Erstaunt sah der Fremde hin auf die blasse Frau, die mühsam sich an der Ofenbank hielt.
»So sagte Jens Lie euch nicht, daß er Heuer genommen, bevor er heimfuhr, auf der ›Dronning Marie‹? Er sagte es nicht?«
Und kopfschüttelnd stapfte Niels Skaffer wieder die Dünen hinunter, aufs neue den Grundsatz bestätigt findend, daß das Weibsvolk wie keines geeignet sei, auch den tüchtigsten Kerl zum Lappen zu machen.

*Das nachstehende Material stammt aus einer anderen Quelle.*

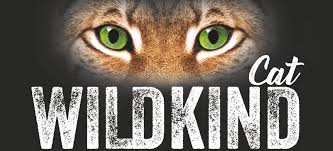 Versuchen sie, der katze keinen zusätzlichen stress zu verursachen. Paarungsbereitschaft Einer Katze Tierische Tipps Von Das Futterhaus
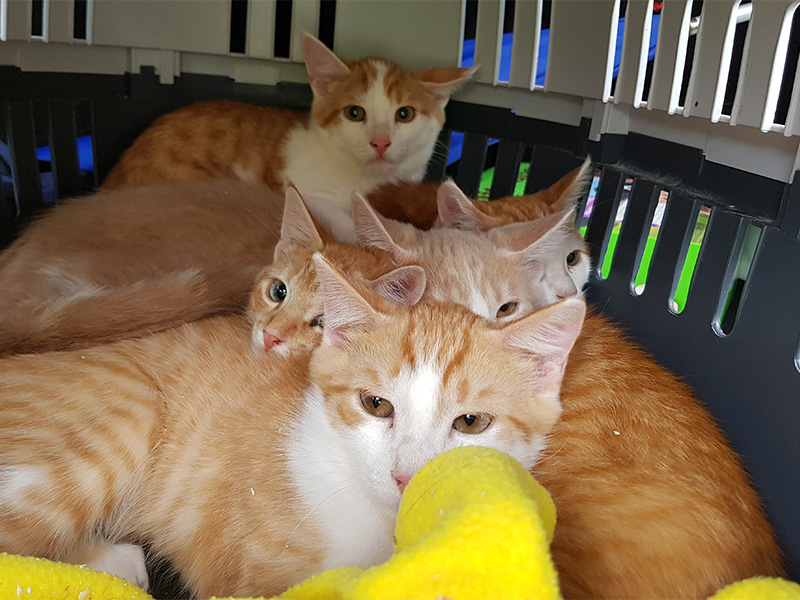 Junge Katzen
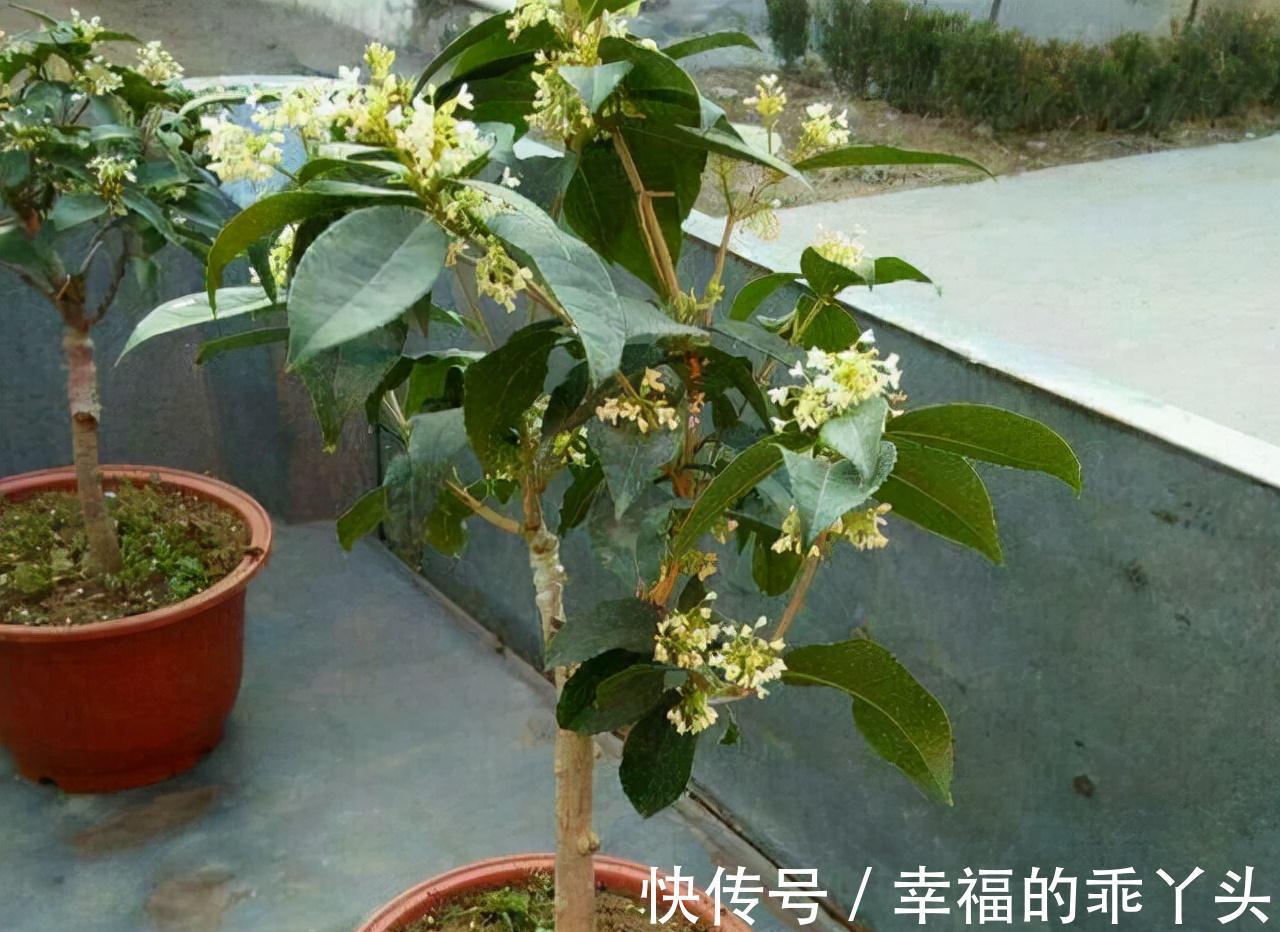 门前栽桂花长成“贵人树”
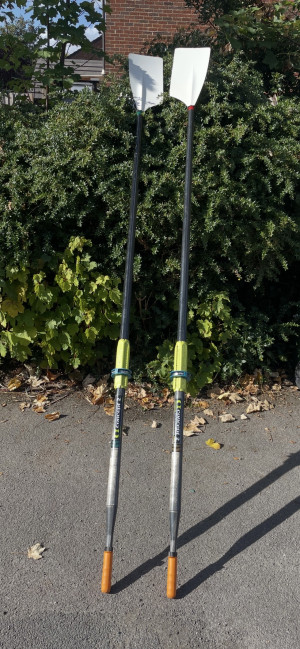 C2 sculling oars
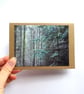 Forest Cards - READY TO SHIP - Image 2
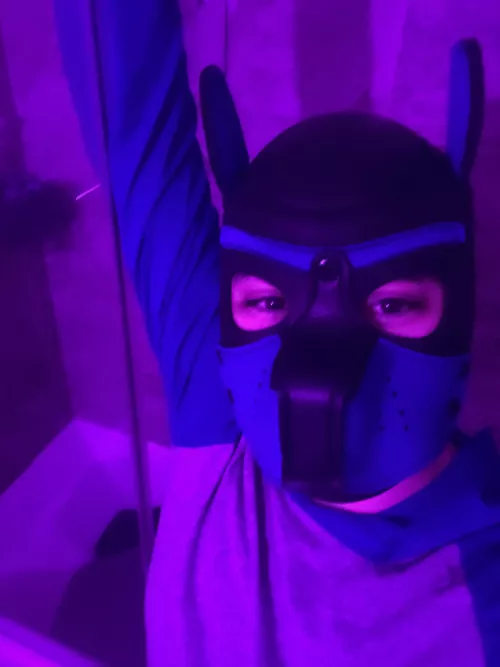 Change of location for me-time tonight. Wish the color contest was true to life.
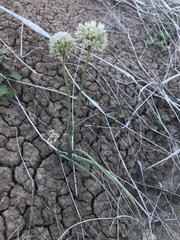 Allium howellii clokeyi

Silke aber, die seine letzten Worte kaum mehr verstanden, schleppte sich schwerfällig hin zum Fenster und spähte mit starren Augen aus nach Jens Lie.
»Eine Nacht, mein Gott! Nur noch eine Nacht!«
Krampfhaft umspannten die Finger den Messingriegel, daß fast das Blut den Nägeln entsprang.
Vom Meere her lohte es dunstig rot wie eine riesige Feuersbrunst. Gleich brennenden Mauern standen die Sandbänke.
Mit lässiger Trägheit ging eben die Sonne unter.